Gerade für die würde eine Umstellung des Schulbeginns aber erheblichen organisatorischen Aufwand bedeuten. „Für uns als Schule ist das hingegen das kleinste Problem, eine Formalität.“ Aber das „organisatorische Drumherum“ wiege schwer, nicht zuletzt die Folgen im Mittagsbereich. Einen Mehrwert in einer Änderung vermag Cordes daher nicht zu erkennen; vielmehr bringe sie zu viele Probleme mit sich. Daher sieht er auch keinen Anlass, das zu ändern. „Und ganz ehrlich: Wir haben ganz andere Sorgen, als uns damit auch noch zu beschäftigen.“

Persönlich hätte der Schulleiter nichts gegen einen Start um 9 Uhr, „da bin ich fitter als um 8.“ Und er könne sich auch vorstellen, dass einigen Kindern das guttun würde. Andererseits würde es anderen Kindern wiederum womöglich nicht so gut bekommen. „Das ist halt individuell unterschiedlich.“

Norbertschule

„Das Thema ist so vielschichtig – das kann man nicht solitär betrachten“, sagt Markus Reim, Leiter der Norbertschule. Dem entsprechend könne sich eine Schule allein nicht einfach so auf den Weg machen. Dass man bei allen Überlegungen so viele Beteiligte ins Boot holen müsste, sieht er kritisch. „Der Tisch, an den sich alle setzen müssten, müsste groß sein.“

Die Landesregierung habe mit dem Angebot einen Ball ins Spiel gebracht, „über den man diskutieren und intensiv nachdenken kann“, sagt Reim. Aber wenn eine Schule diesen Weg gehe, dann gehöre eben auch zur Wahrheit, dass eine Verschiebung der Anfangszeit viele Auswirkungen hätte. Auch Reim nennt die Bussituation und den Fahrplan als Beispiel: „Wenn eine Schule das macht – bekommt sie dann auch einen eigenen Bus?“ Ein späterer Unterrichtsbeginn würde auch ein späteres Unterrichtsende nach sich ziehen – die Zeiten der Betreuung würden nach hinten rutschen. Also müsste der Träger des Ganztags und des Schulkinderhauses mitgehen, was wiederum Auswirkungen auf die Arbeitszeiten der Mitarbeiter habe.
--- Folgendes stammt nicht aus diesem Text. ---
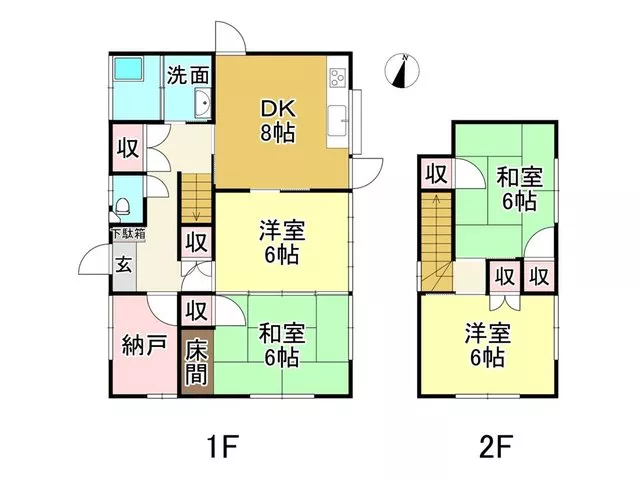 4 minutes on foot to Izundai Elementary School. Supermarkets, convenience stores, and post offices are all within walking distance, making it very convenient.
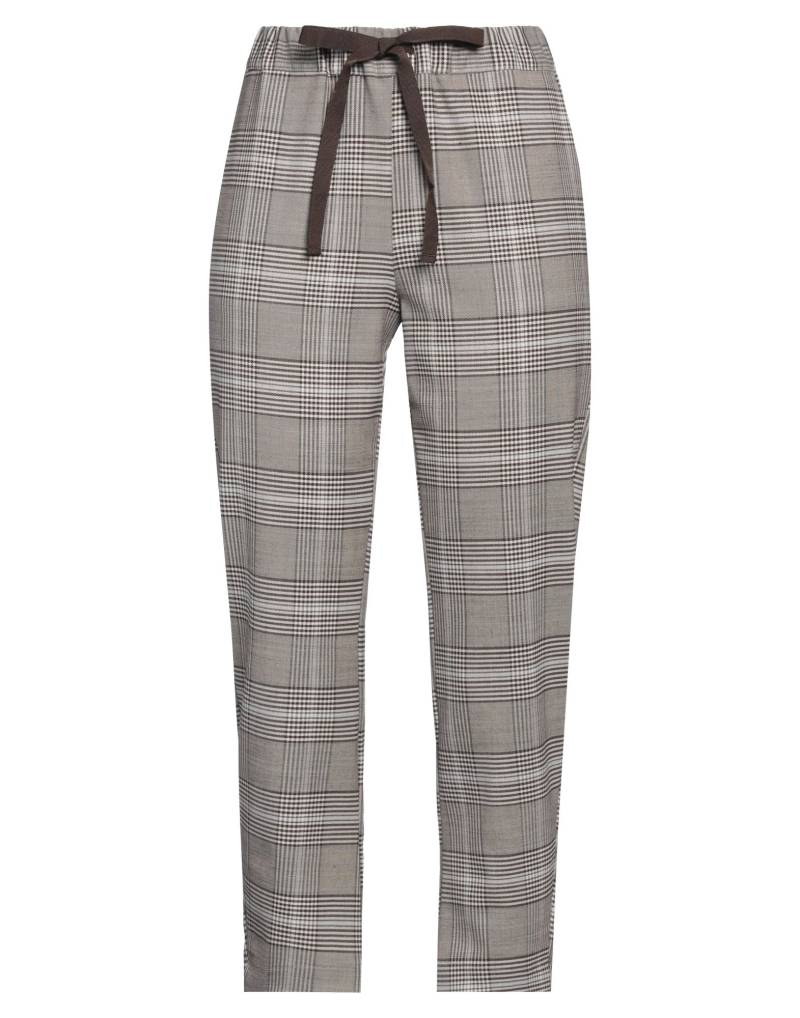 SEMICOUTURE Hose Damen Dunkelbraun von SEMICOUTURE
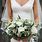 White and Green Flower Bouquets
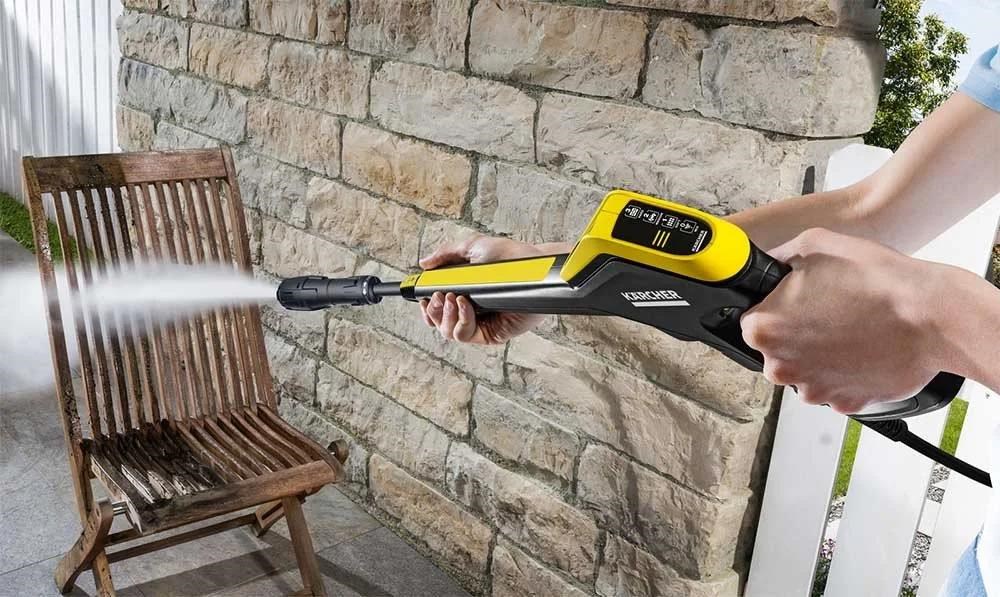 Karcher K 5 Power Control vysokotlaký čistič, 2100 W, 145 bar, 500 l/hod, integrovaný displej, rotační tryska9 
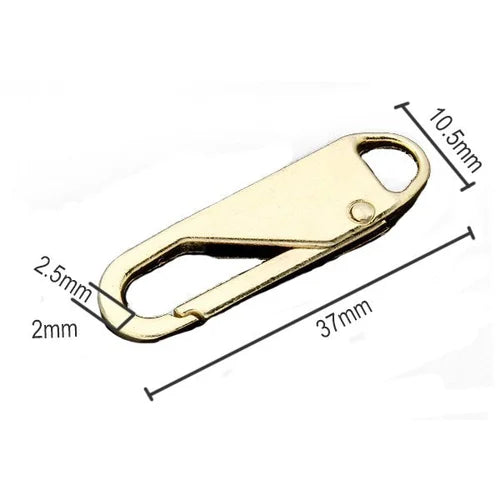 Zipper Pull Replacements Repair Kit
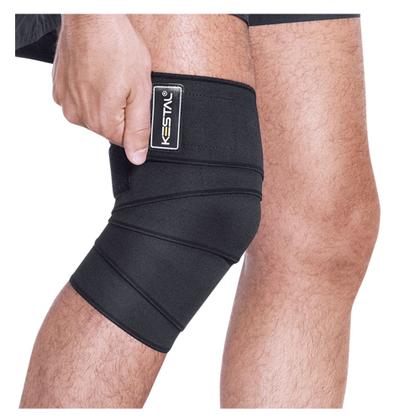 Imagem de Faixa Elástica Preto Tamanho Único KESTAL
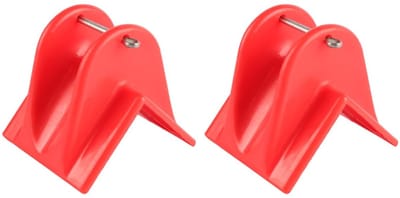 Dailygoods- Klimtouw Beschermers Duurzaam - Veiligheidstouw - Anti-slijtage - Eenvoudige Installatie - Voor Buiten - Minimaliseert Wrijving - Touwbeschermers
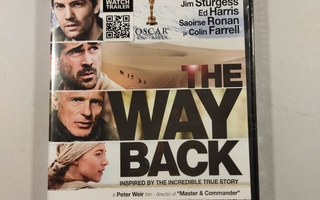 (SL) UUSI! DVD) The Way Back (2010) Colin Farrell, Ed Harris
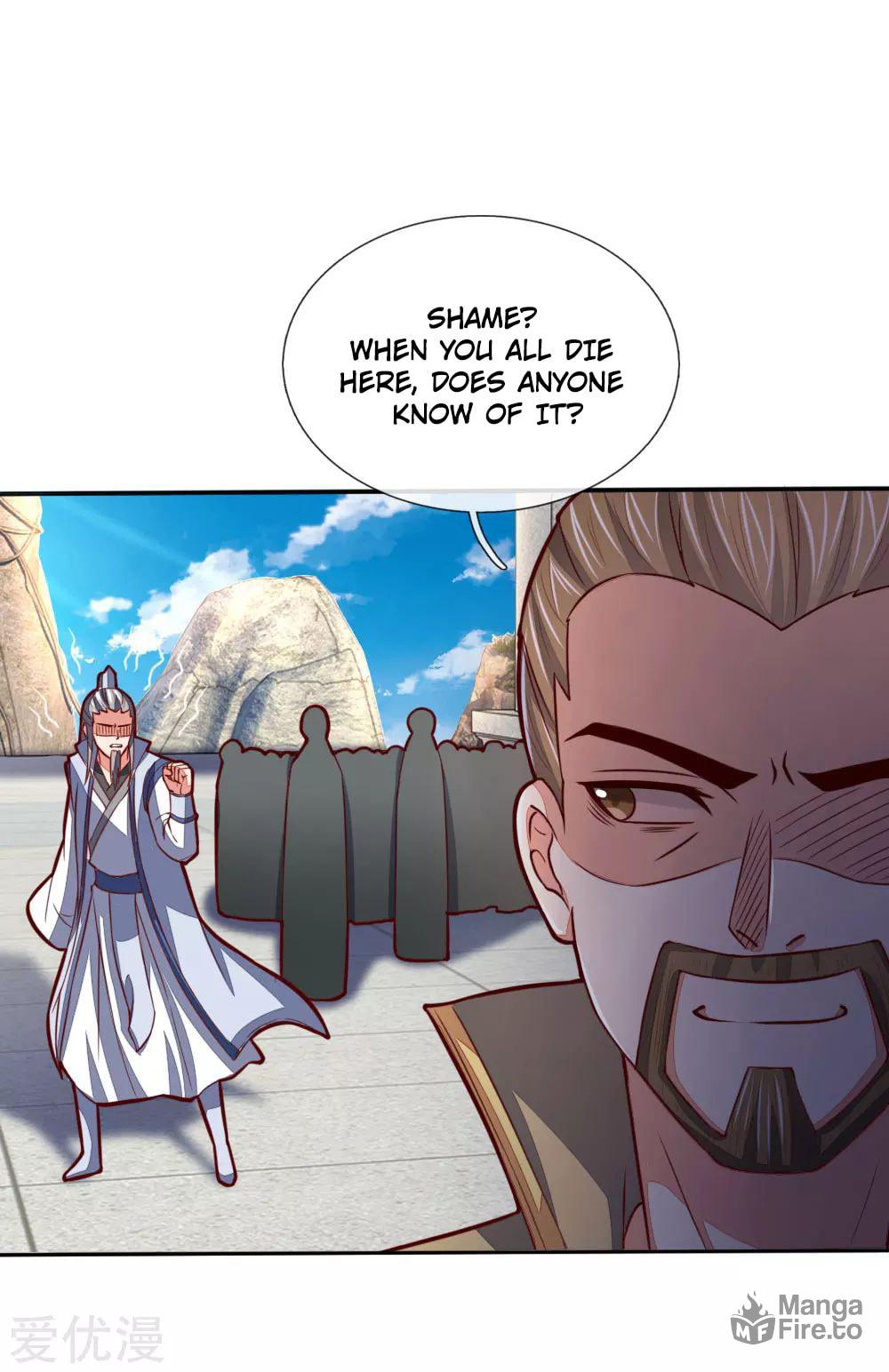 Shenwu Tianzun (Colored) – Chapter 49 page 19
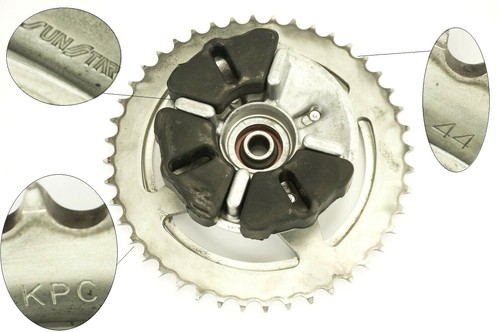 Hub carrier with sprocket and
Reim verweist darauf, dass das vertraute System ja laufe, er erst einmal keine Notwendigkeit zur Änderung sieht – schon gar nicht so kurzfristig. „Aber natürlich verschließen wir uns Neuerungen nicht.“ Und so werde er „sehr genau überlegen und mit dem Kollegium besprechen, ob wir diesen Weg beschreiten wollen.“ Im Alleingang werde er das nicht entscheiden. Natürlich werde die Norbertschule die Frage auch an die Eltern weiterreichen in der Schulkonferenz. Reim findet es aber auch wichtig, sich darüber mit den anderen Werler Grundschulen auszutauschen. Später. „Erst mal lassen wir den Ball jetzt liegen.“

Petrischule

„Wir beobachten durchaus, dass Schüler morgens extrem müde sind“, sagt Kim Wawroschek von der Petrischule. Die Frage sei nur, ob ein späterer Schulbeginn daran tatsächlich etwas ändern würde.

Es gebe aber manches Argument gegen einen späteren Start. „Wir müssten zum Beispiel den Offenen Ganztag ausbauen, um dann auch vor der Schule eine Betreuungsmöglichkeit anbieten zu können“, sagt Wawroschek. Gerade mit Blick auf berufstätige Eltern und der „Zeitsicheren Schule“ überwiegt die Skepsis in der Schulleitung. Sie selber sehe die Frage neutral; es gebe Dinge, die für und die gegen eine Änderung sprechen. „Aber ich denke nicht, dass das für uns in Frage kommt. Im Endeffekt ist es eher komplizierter, als dass es helfen würde. Das ist den Aufwand am Ende nicht wert.“

So wird es wohl beim Schulstart um 8 Uhr bleiben. Wawroschek kündigt aber an, mit dem Kollegium zu beraten. Mit dem Meinungsbild des Kollegiums werde man das Thema dann auch in der Schulkonferenz den Elternvertretungen vortragen.